Monthly Archives: September 2014

The Penelopiad

Two thoughts:

In reading the Penelopiad, the most difficult thing for me was making sure that it did not colour my interpretation of the Odyssey; I was trying to write an essay on the Odyssey, not on the Penelopiad. The problem is that this is exactly what Atwood is trying to achieve by writing the Penelopiad: to challenge our interpretations of the Odyssey. Did anyone else find this difficult while they were writing their essays? Would it perhaps be more worthwhile to read the Odyssey and the Penelopiad together, as we did with Genesis and Fear and Trembling? Also, could the Penelopiad be considered a secondary opinion on the Odyssey? Should it then be read not as a separate text, but as supplementary material to the Odyssey?

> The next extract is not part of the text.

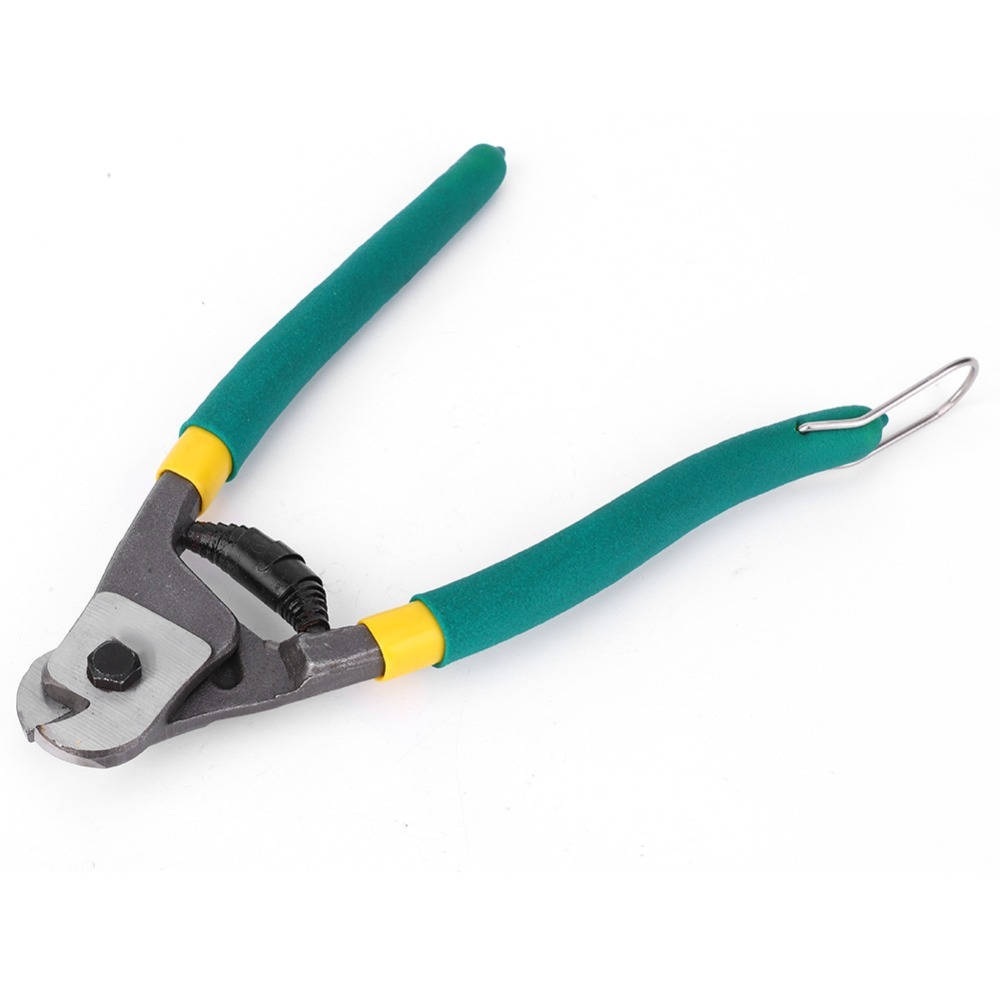Green Wire Rope Cutter with Spring-loaded Handle, Steel Cable Cutters, One-Handed Cutting Pliers for Brake Cable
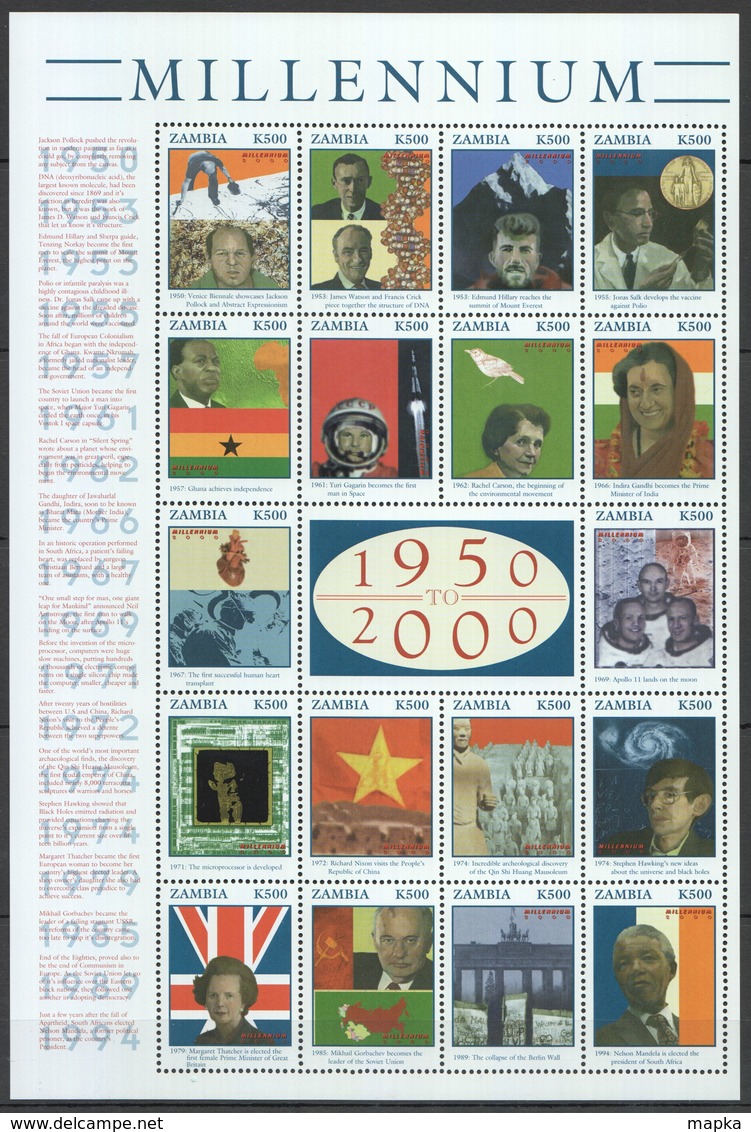 D002 ZAMBIA MILLENNIUM 1950 TO 2000 1SH MNH - Autres & Non Classés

The thing that struck me most about the text was Atwood’s voice. She writes with a very wry wit that I find quite distinctive. While I did love her humour and style, it led me to wonder whether or not we were hearing from Penelope or from Atwood. I think by dragging Penelope into the modern era she was able to get away with writing in her own voice, but I also wonder if that limits it as a reading of the Odyssey from a different perspective. It certainly sounds like Atwood’s interpretation of the text, but I wonder if Penelope is truly given a voice. Perhaps this is a particularly subversive way of simultaneously countering and supporting a feminist reading of the Odyssey, sort of like the Anthropology lecture.